Ithica featherlight 20 GA with no plug and full of #2 shot.

Of course my 1911 MqA1 is always close at hand.  Holster and 3 mags on my power chair.


----------



## Si modo (Nov 3, 2012)

Ernie S. said:


> Mr. H. said:
> 
> 
> > What load would you suggest.
> ...


I have double-aught.  I bought my shotgun for home protection after being broken into (while I was there) in 2007.


----------



## Mr. H. (Nov 3, 2012)

uscitizen said:


> Ithica featherlight 20 GA with no plug and full of #2 shot.
> 
> Of course my 1911 MqA1 is always close at hand.  Holster and 3 mags on my power chair.



I Googled 1911 MqA1 and got...


----------



## Samson (Nov 3, 2012)

[youtube]Fy0p4Xsdt-w[/youtube]

*BITCHIN'*


----------



## CMike (Nov 3, 2012)

Mr. H. said:


> What load would you suggest.
> I bought a police getup for my Remington 870. Short barrel, extended mag, folding stock.



00 or 000

When you care enough to give the very best...


----------



## Mr. H. (Nov 3, 2012)

I see shotgun is the poll winner so far. I suppose a .38 under the mattress AND a shottie in the closet is workable.


----------



## Noomi (Nov 3, 2012)

CMike said:


> What kind of firearm would you use to check out a "bump in the night"?



When there is a bump in the night here, I don't pick up a gun. I go and investigate, unarmed, because I am not paranoid about a house invasion.


----------



## BecauseIKnow (Nov 3, 2012)

Sig p229 .40


----------



## Mr. H. (Nov 3, 2012)

We have a barky dog. Mailman, paper boy, garbage truck. 

He's not been intruder-tested. Thank goodness.


----------



## Mr. H. (Nov 3, 2012)

BecauseIKnow said:


> Sig p229 .40



You happy with that Sig? I got an S/W and it sux.


----------



## BecauseIKnow (Nov 3, 2012)

Mr. H. said:


> BecauseIKnow said:
> 
> 
> > Sig p229 .40
> ...



I don't have it. But I would take that. I shot it and I like the weight, the close range power is effective.

I've seen many people use the 226 too. 

But Sig Sauer is a good brand.


----------



## Mr. H. (Nov 3, 2012)

BecauseIKnow said:


> Mr.

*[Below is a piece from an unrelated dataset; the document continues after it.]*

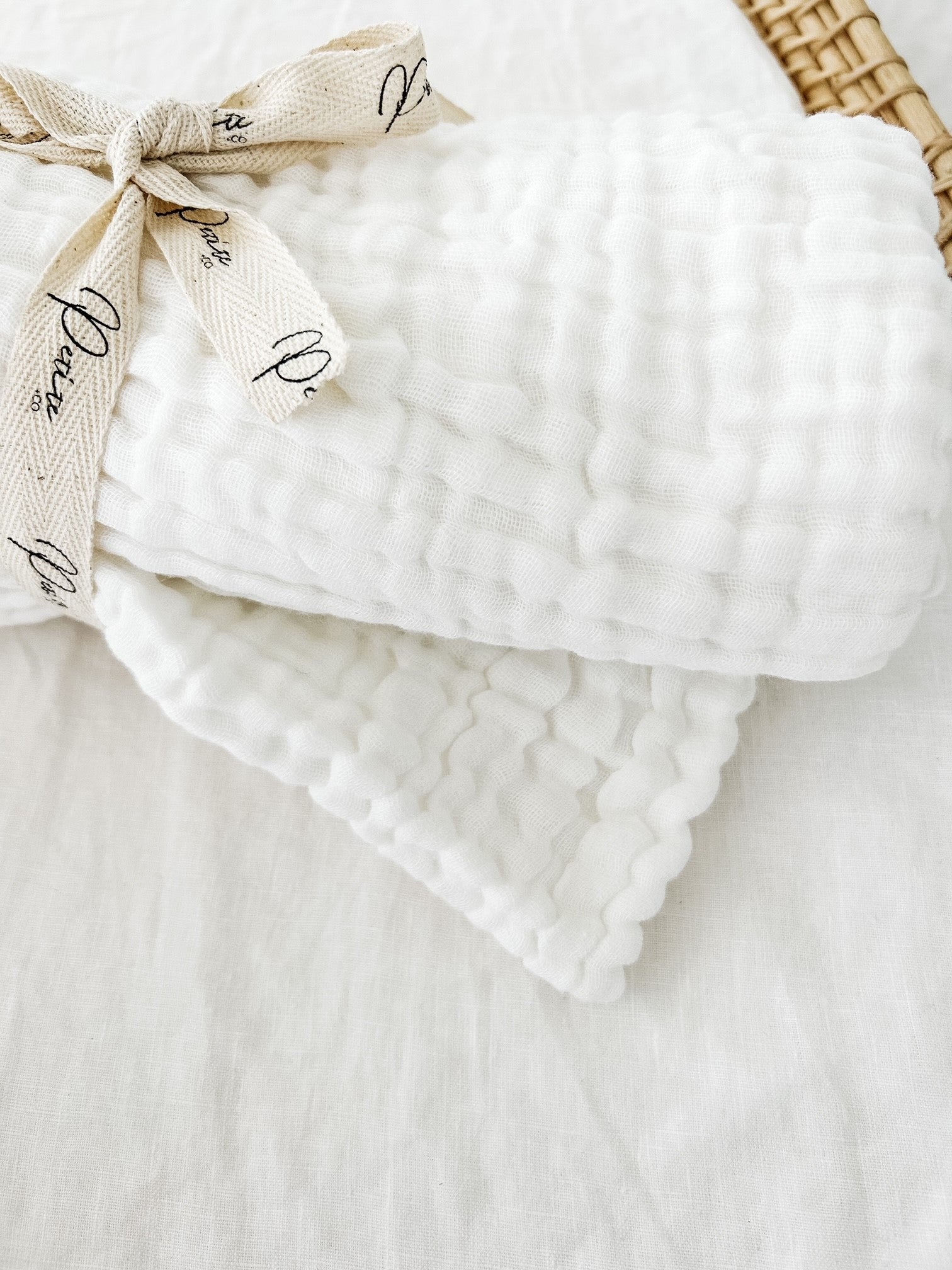 SUPER SOFT CRINKLE BLANKET - MILK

H. said:
> 
> 
> > BecauseIKnow said:
> ...



Thanks. I gave my 9mm S/W 6904 to the kid for wedding gift. It was a dandy. 
So I looked at .40s and went cheap. And I got cheap.

My brother is the high-dollar gunner and I've shot his collection. There is a difference.


----------



## eots (Nov 3, 2012)

I have a couple of these in the house

[ame=http://www.youtube.com/watch?v=M0dsBkQiuZs]Mace Pepper Gun Full Review and Demonstration - YouTube[/ame]


----------



## BecauseIKnow (Nov 3, 2012)

Mr. H. said:


> BecauseIKnow said:
> 
> 
> > Mr. H. said:
> ...



You're talking about the Smith and Wesson right? 

It's money, but worth it. 

Which sig did you get? I shot .45s with it too.


----------



## Missourian (Nov 3, 2012)

They' ll die laughing.


----------



## Julia (Nov 4, 2012)

.44 Pietta black powder revolver. Bought it in 2005.


----------



## Samson (Nov 4, 2012)

Mr. H. said:


> I see shotgun is the poll winner so far. I suppose a .38 under the mattress AND a shottie in the closet is workable.



Why I like the Judge: .410 shotgun shell with 00 shot in a handgun = concealment and devestation without the need to be accurate


----------



## uscitizen (Nov 4, 2012)

Actually I have a pet rescue panther so I do not worry about prowlers.


----------



## CMike (Nov 4, 2012)

Each type of firearm has it's pros and cons.

*Shotgun*

The most powerful firearm. However, it's relatively long and can be difficult getting around corners. Because of the length it is the most vulnerable to be taken away from you.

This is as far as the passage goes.